In a speech following a cabinet meeting on Monday, Erdogan backed Erbas for fulfilling his religious duty.
“If there is someone in our country who should speak for Islam, if there is an institution, it is the Directorate of Religious Affairs,” he said.
The president singled out a statement from the Ankara Bar Association as a “deliberate attack against Islam” and the state.
“The true faces of those who glorify heresy in the name of equality are disclosed one by one … We believe that this false slanderous political concept, which has no contribution to the nation and the country, will be completely liquidated,” said Erdogan.

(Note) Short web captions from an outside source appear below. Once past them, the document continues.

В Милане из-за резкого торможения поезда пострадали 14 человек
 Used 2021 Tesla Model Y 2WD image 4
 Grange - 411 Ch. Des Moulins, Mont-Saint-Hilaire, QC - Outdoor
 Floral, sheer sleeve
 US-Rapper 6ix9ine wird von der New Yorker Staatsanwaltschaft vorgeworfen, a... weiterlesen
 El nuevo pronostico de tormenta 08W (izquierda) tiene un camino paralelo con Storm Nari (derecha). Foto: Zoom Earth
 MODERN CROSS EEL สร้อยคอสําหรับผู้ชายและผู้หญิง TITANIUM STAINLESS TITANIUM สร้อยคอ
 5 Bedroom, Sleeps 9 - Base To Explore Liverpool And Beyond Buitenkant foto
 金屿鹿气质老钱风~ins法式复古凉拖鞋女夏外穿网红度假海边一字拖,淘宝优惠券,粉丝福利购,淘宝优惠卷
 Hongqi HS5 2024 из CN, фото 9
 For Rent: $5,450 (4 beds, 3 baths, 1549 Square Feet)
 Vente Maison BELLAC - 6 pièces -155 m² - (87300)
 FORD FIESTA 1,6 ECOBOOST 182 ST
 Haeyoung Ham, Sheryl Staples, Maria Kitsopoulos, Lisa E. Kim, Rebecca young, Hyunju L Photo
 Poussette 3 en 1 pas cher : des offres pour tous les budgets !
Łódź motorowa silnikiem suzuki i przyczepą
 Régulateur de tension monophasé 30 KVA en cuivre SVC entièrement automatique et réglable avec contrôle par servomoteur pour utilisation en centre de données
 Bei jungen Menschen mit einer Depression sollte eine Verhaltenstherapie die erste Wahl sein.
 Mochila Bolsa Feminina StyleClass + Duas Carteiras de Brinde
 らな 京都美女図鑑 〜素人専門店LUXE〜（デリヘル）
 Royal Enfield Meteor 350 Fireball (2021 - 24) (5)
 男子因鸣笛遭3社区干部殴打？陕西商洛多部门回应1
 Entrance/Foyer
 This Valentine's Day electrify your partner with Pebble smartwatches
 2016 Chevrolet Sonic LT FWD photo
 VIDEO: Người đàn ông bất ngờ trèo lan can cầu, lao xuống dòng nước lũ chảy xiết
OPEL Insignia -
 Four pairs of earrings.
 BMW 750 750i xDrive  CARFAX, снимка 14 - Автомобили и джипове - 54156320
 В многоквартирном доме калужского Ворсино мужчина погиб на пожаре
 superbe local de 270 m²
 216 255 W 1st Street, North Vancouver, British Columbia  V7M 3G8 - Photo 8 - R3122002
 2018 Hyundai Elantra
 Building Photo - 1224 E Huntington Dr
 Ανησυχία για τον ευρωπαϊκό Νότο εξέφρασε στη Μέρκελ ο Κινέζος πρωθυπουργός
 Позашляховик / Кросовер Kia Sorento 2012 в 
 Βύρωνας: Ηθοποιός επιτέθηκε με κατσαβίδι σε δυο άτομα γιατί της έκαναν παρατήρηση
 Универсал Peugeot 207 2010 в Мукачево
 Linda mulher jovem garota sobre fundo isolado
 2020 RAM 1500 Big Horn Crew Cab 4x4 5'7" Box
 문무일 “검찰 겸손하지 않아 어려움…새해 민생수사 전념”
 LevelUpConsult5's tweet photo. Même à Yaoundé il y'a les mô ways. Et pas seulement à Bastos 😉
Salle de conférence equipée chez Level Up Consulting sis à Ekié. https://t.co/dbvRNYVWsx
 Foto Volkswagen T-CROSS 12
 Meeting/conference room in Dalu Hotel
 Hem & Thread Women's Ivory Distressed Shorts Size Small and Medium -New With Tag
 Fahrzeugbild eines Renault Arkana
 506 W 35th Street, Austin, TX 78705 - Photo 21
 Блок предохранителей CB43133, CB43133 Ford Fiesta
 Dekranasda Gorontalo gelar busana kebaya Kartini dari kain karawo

Industry and Technology Minister Mustafa Varank tweeted: “This rabble, which tries to view their grievances with Islam through Mr Ali Erbas, should well know that they will not have influence until the as long as the call to pray is heard over our eternal homeland.”
Prosecutors in Ankara have launched an investigation into the city’s bar association for allegedly insulting religious values.
Same-sex relationships have never been illegal in Turkey, while in many Western countries they remained illegal until the 1960s, and people have been legally permitted to change gender since 1988.
Although Turkey’s approach to the LGBT community compares favourably to its neighbours in the Middle East, in recent years annual LGBT rights marches have been banned in cities such as Ankara and Istanbul.
Erdemir said the attacks on the Diyanet’s critics “show that the homophobic conspiracies peddled by the country’s highest religious authority resonate closely with the prejudices held by the country’s political leadership”.